Conceptus(R) Announces Private Exchange of Convertible Senior Notes Due 2027 for Convertible Senior Notes Due 2031
MOUNTAIN VIEW, Calif., Dec. 20, 2011 (GLOBE NEWSWIRE) -- Conceptus, Inc. (CPTS), announced today that the Company has entered into separate, privately-negotiated exchange agreements with certain holders of the Company's outstanding 2.25% Convertible Senior Notes due 2027 ("Existing Notes") to exchange $50.04 million of its $86.25 million aggregate principal amount of the Existing Notes outstanding for $50.04 million aggregate principal amount of new 5.00% Convertible Senior Notes due 2031 ("New Notes").
The New Notes will mature on December 15, 2031, unless earlier purchased, redeemed or converted, and will pay interest semiannually at a rate of 5.00% per year beginning on June 15, 2012. Upon satisfaction of certain conditions, the New Notes will be convertible at the holder's option, into cash, shares of the Company's common stock or a combination of cash and shares of common stock, at the Company's election.
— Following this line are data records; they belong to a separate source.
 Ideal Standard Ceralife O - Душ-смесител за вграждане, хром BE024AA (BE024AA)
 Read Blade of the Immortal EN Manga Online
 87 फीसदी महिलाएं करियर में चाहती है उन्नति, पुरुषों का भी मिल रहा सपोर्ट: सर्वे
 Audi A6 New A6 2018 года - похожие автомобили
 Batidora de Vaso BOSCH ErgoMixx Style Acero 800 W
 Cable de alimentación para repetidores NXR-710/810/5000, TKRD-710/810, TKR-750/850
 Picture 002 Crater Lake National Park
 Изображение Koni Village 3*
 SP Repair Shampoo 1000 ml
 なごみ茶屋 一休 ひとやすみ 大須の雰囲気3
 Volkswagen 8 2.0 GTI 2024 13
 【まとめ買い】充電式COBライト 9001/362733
The initial conversion rate is 60.8365 shares of the Company's common stock per $1,000 principal amount of notes (equivalent to an initial conversion price of approximately $16.44 per share), subject to adjustment in certain events. The initial conversion price represents a 25% premium over the closing sale price of the common stock on December 19, 2011.
The Company has the option to redeem the notes on or after December 20, 2014. Holders of the New Notes have the option to require the Company to purchase the New Notes then outstanding on December 20, 2014, December 20, 2018, December 20, 2021 and December 20, 2026, or upon the occurrence of certain corporate events. The Company will also adjust the conversion rate for holders who convert their New Notes in connection with certain corporate events that occur prior to December 20, 2014.
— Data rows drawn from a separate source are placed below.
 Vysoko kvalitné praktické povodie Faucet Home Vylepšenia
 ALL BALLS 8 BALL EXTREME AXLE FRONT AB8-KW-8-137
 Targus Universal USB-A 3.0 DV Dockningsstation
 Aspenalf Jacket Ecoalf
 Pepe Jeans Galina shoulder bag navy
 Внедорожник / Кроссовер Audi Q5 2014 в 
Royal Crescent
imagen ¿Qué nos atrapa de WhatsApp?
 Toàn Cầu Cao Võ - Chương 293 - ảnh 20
The Company entered into the private exchange agreements to refinance a portion of the Existing Notes prior to the February 15, 2012 put date, at which date the holders of the Existing Notes may require the Company to repurchase all or a portion of the remaining $36.21 million aggregate principal amount of Existing Notes.
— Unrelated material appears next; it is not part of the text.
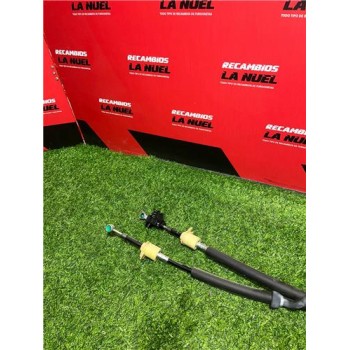 Recambio de varillas de cambio para citroën jumper furgon (05.2014) 2.0 30 l1h1 bluehdi 110 [2,0 ltr. - 81 kw blue-hdi fap cat] 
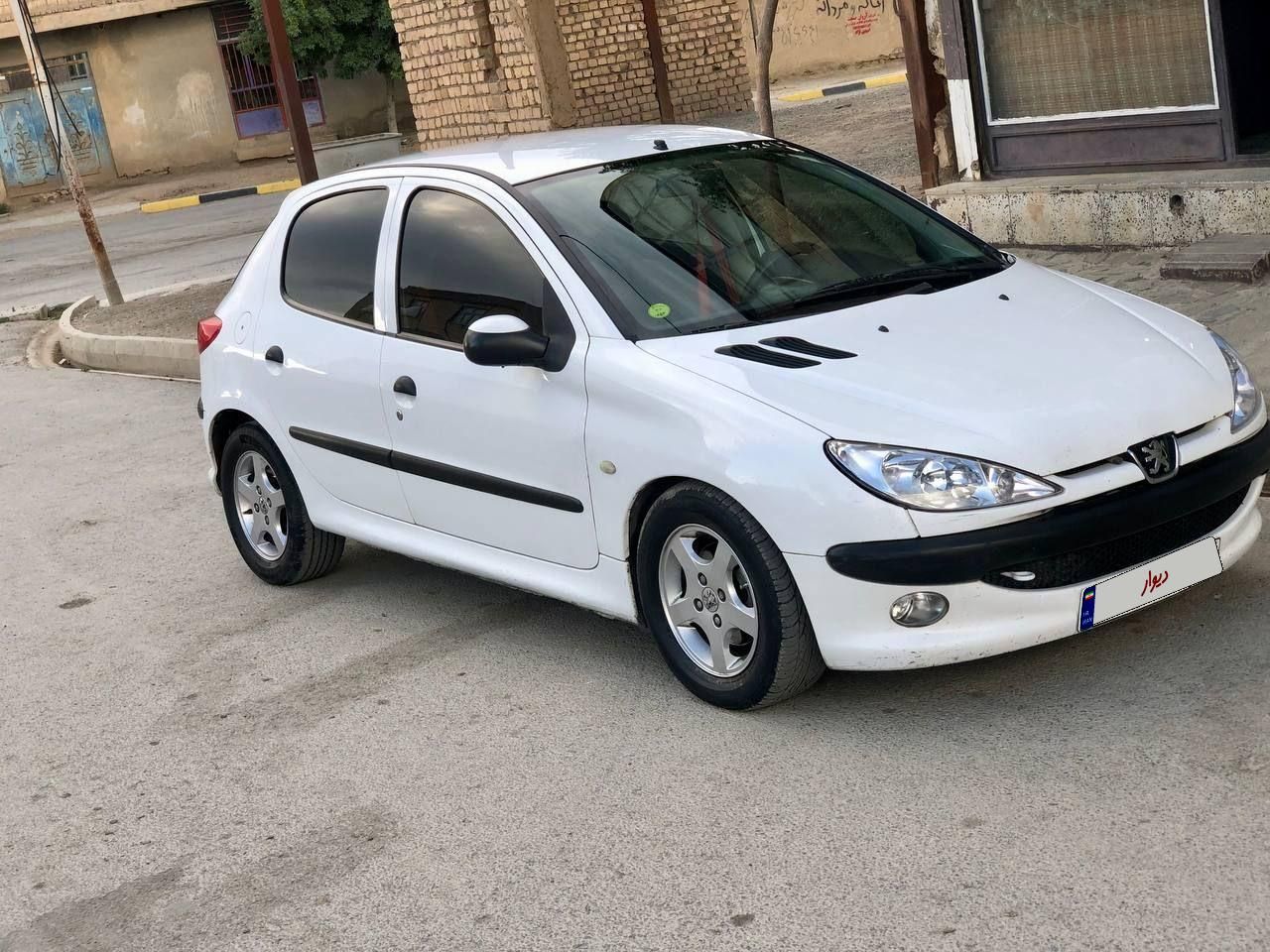 خودرو پژو، 206 آگهی ann_17929060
The New Notes and any underlying shares of common stock issuable upon conversion of the New Notes have not been registered under the Securities Act and may not be offered or sold in the United States absent registration or an applicable exemption from registration requirements. This press release does not constitute an offer to sell, or a solicitation of an offer to buy any security and shall not constitute an offer, solicitation or sale in any jurisdiction in which such offering would be unlawful.